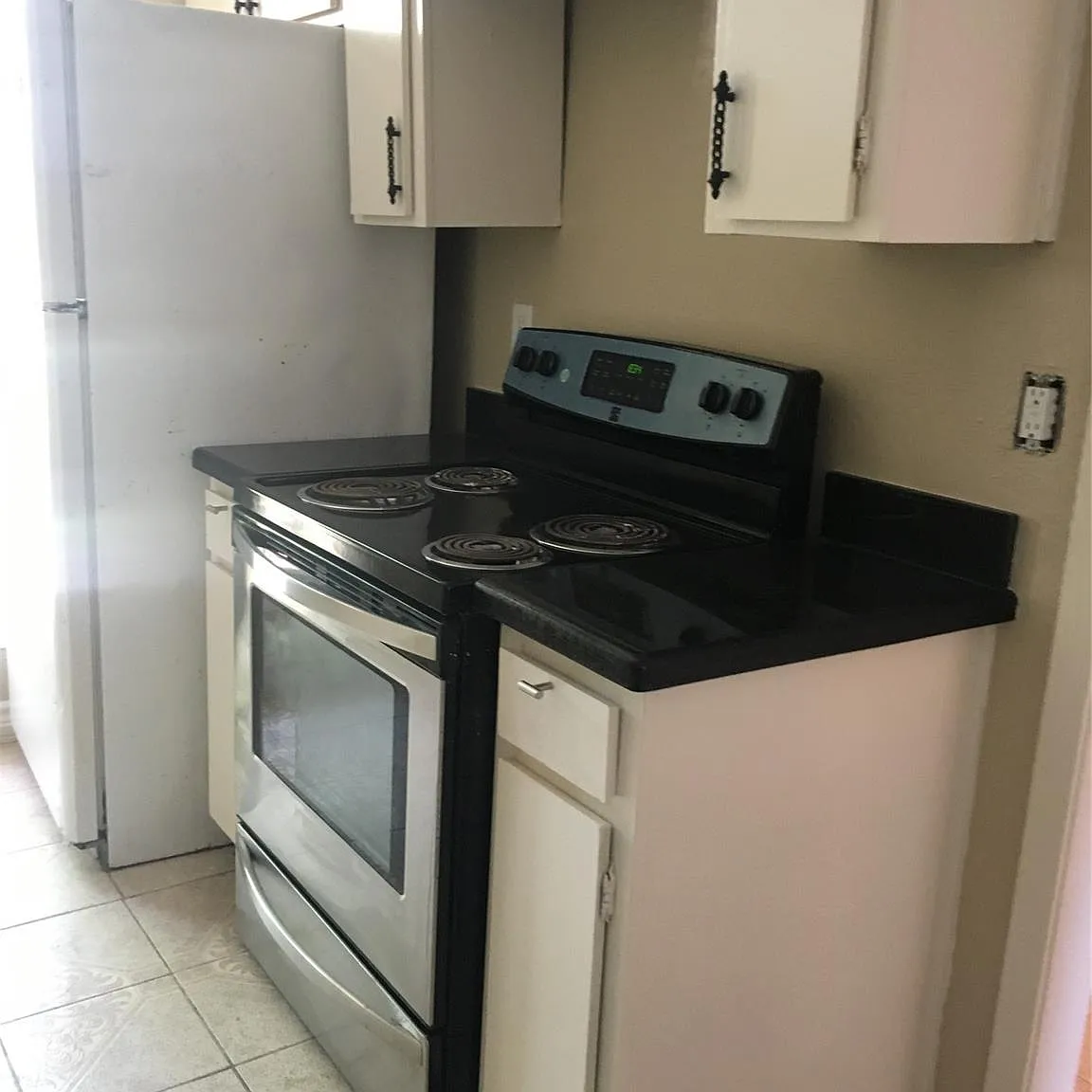 2 bed, 1.5 bath, 1122 sqft, $1,200 — Photo 3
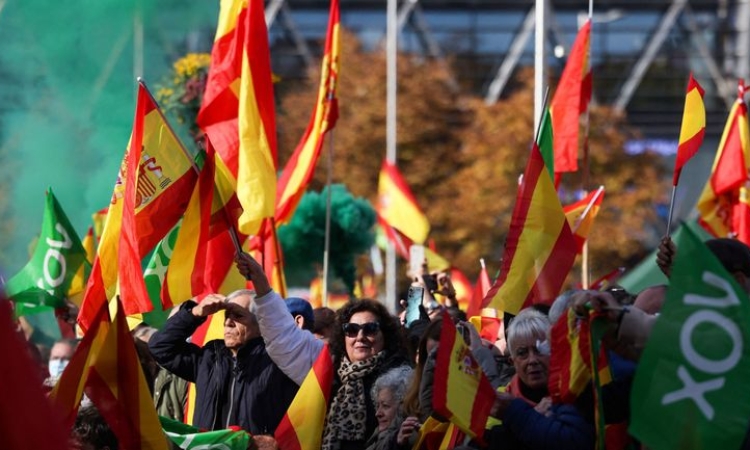 Espagne: Les sympathisants de Vox manifestent à Madrid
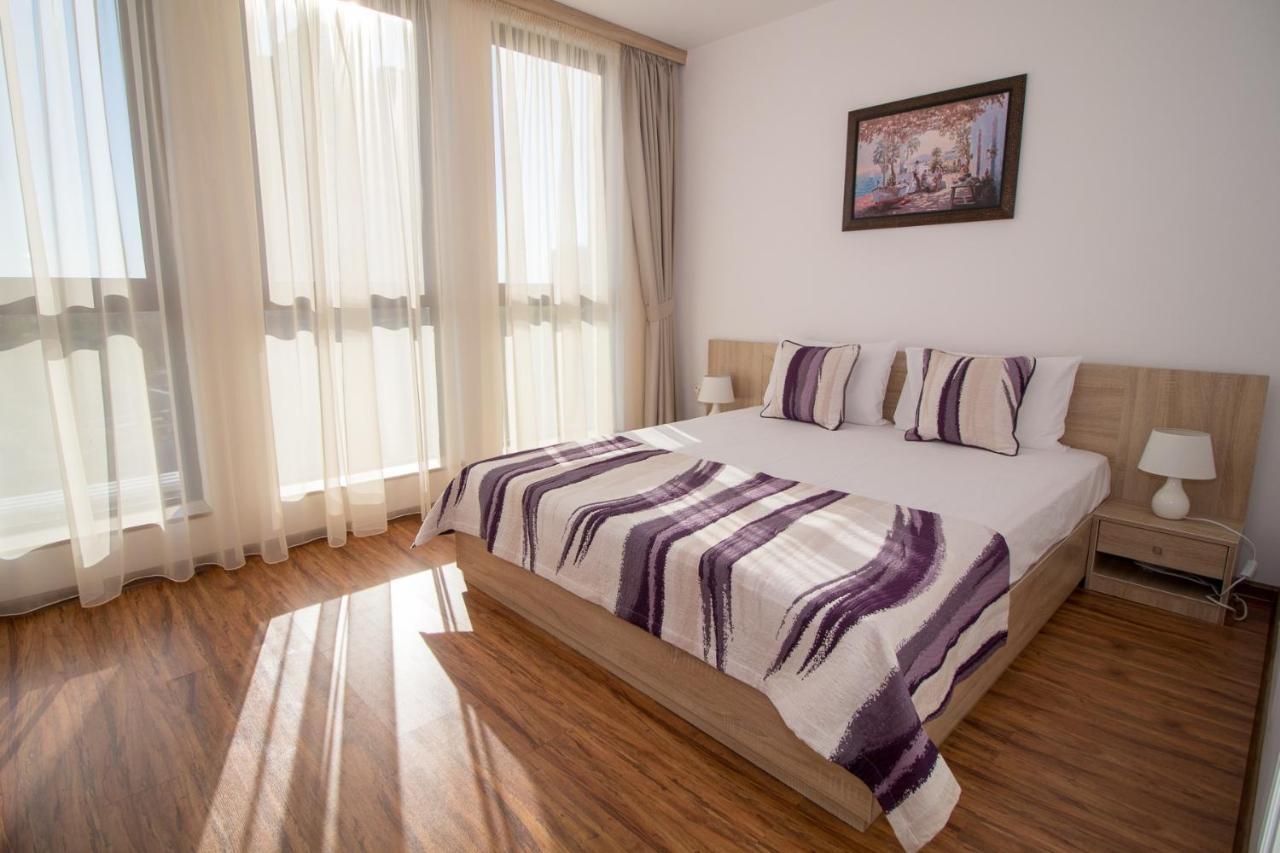 South Beach Apartment Nesebar Bagian luar foto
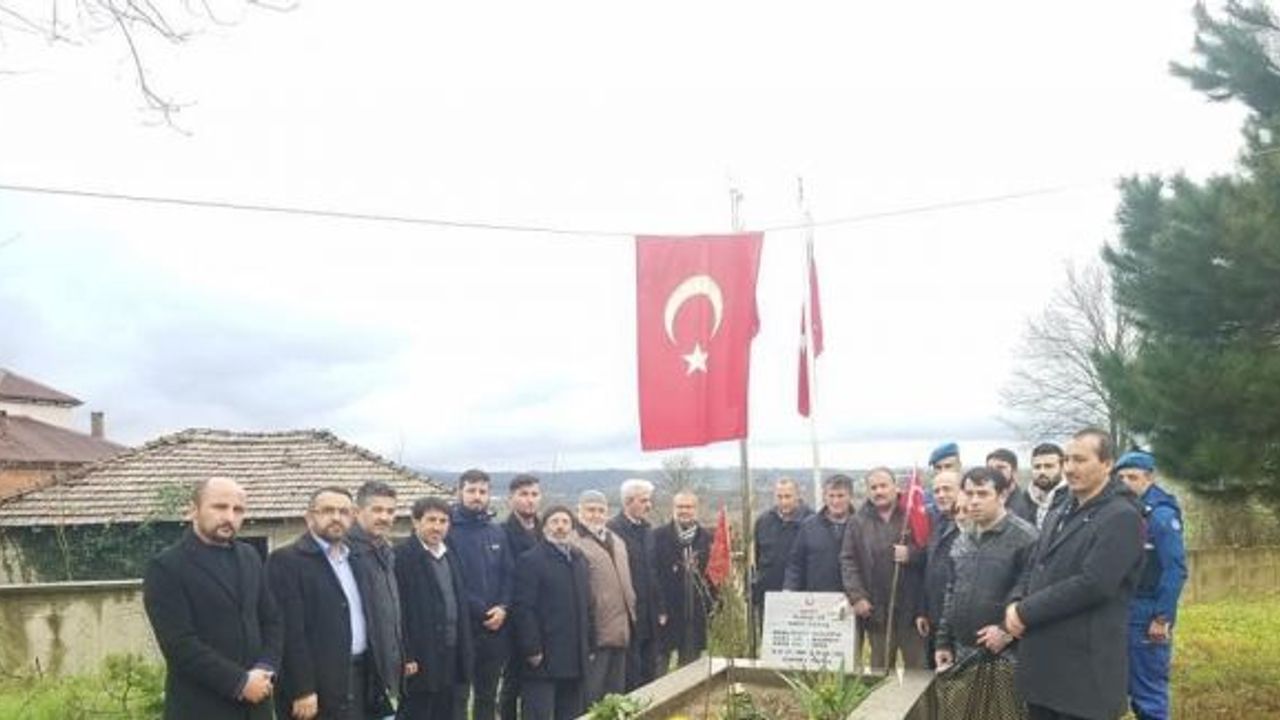 El Bab’da şehit düşen Ömer Akkuş mezarı başında anıldı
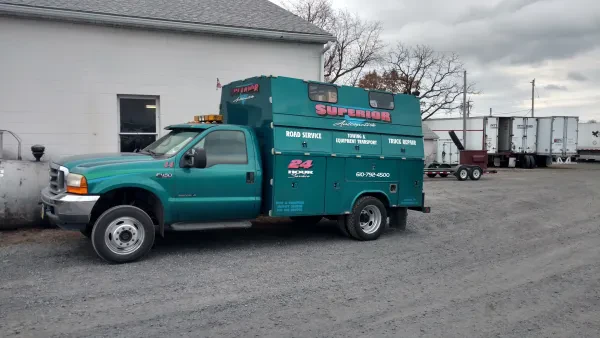 Superior Automotive 24 Hour Towing - photo 4
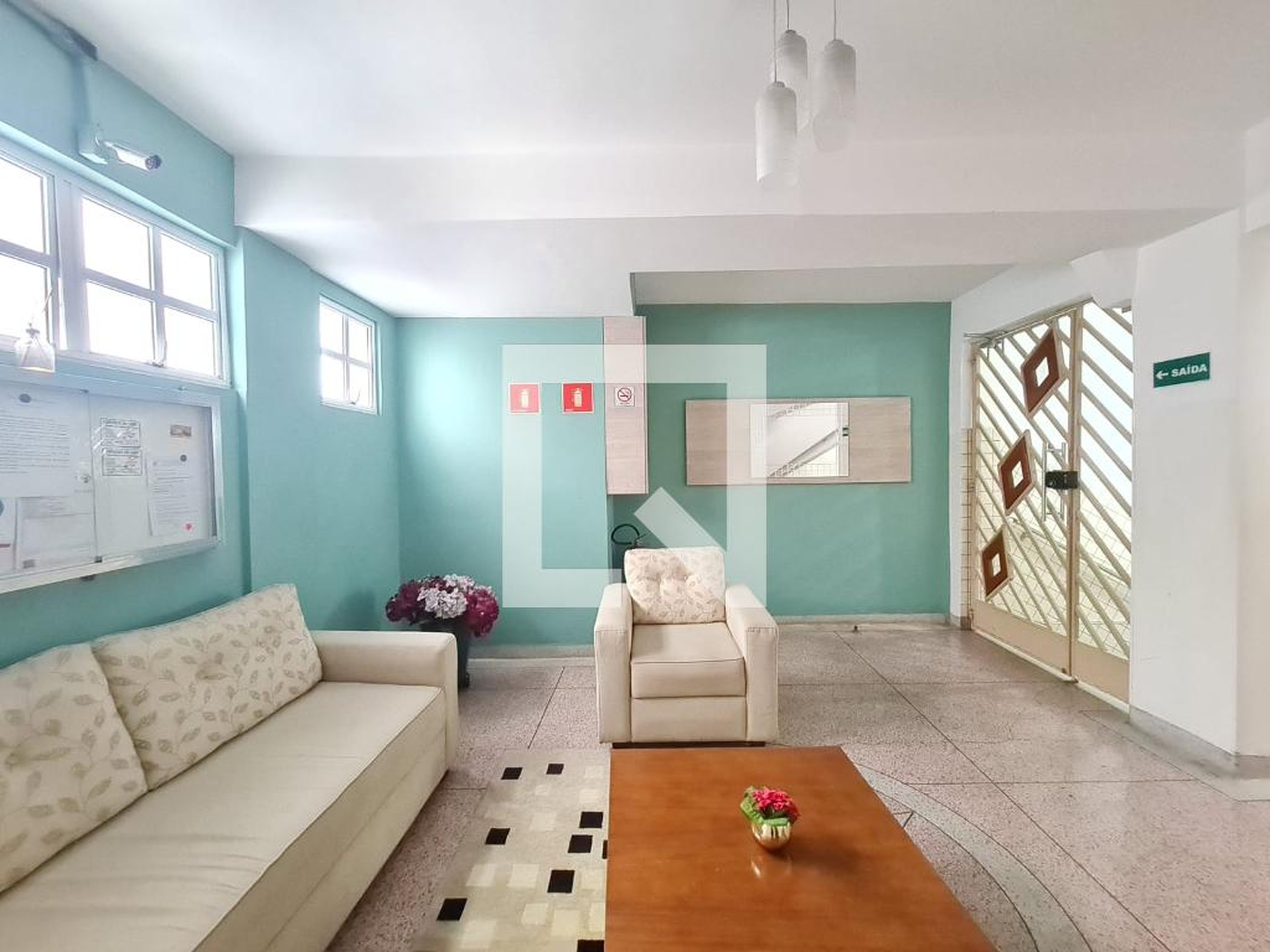 Hall de entrada - Vila Silveira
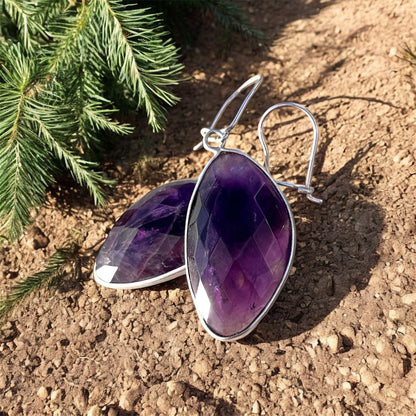 حلق فضة بجواهر اماتيست كبيرة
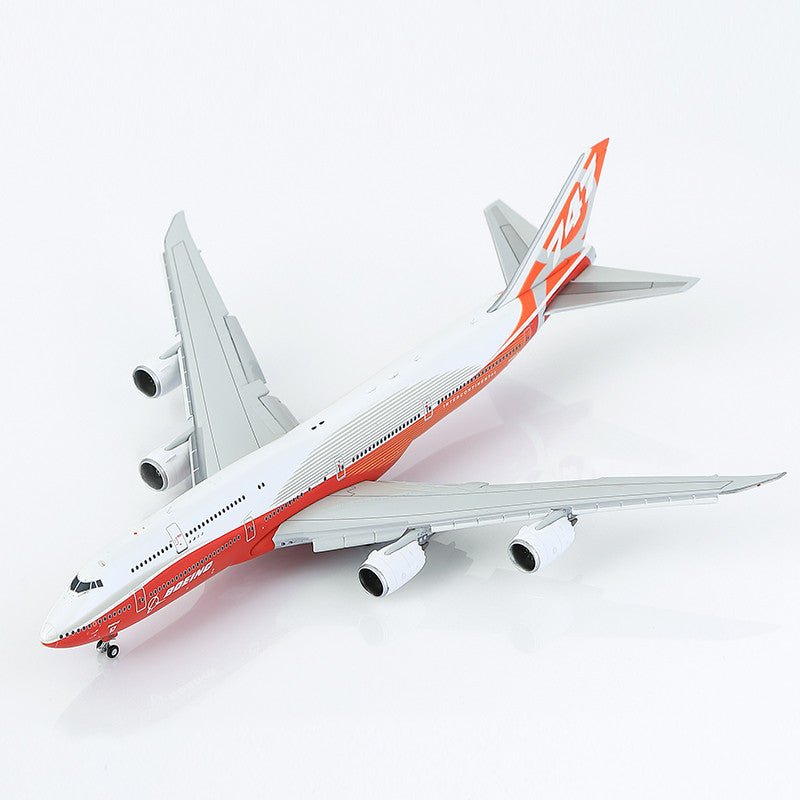 HX Models B631002F 1:400 Boeing Company B747 - 8 Red "House livery" Flaps - Down Version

§ Problem requirements
In the records above, locate the line containing "South Beach Apartment", then copy exactly that line and every line after it through the end, omitting pictures.

§ Response to this task
 South Beach Apartment Nesebar Bagian luar foto
 El Bab’da şehit düşen Ömer Akkuş mezarı başında anıldı
 Superior Automotive 24 Hour Towing - photo 4
 Hall de entrada - Vila Silveira
 حلق فضة بجواهر اماتيست كبيرة
 HX Models B631002F 1:400 Boeing Company B747 - 8 Red "House livery" Flaps - Down Version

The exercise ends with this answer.